*** THE INPUT

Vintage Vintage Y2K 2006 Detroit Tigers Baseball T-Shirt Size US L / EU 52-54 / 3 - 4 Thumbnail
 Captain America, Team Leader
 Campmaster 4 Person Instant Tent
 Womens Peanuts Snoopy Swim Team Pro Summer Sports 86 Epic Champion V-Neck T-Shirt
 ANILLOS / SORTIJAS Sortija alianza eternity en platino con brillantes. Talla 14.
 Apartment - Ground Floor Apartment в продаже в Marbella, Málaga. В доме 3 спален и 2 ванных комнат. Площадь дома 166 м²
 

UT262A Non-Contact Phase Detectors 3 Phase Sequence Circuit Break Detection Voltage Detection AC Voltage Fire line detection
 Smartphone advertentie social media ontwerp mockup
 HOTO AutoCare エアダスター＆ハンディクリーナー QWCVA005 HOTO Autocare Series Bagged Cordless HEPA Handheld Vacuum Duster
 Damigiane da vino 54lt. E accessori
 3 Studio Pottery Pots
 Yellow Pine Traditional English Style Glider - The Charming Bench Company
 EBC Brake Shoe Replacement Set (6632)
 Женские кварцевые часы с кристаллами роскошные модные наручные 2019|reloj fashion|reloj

******

Among the records above, determine how many lines contain "Team", then report the number only.

2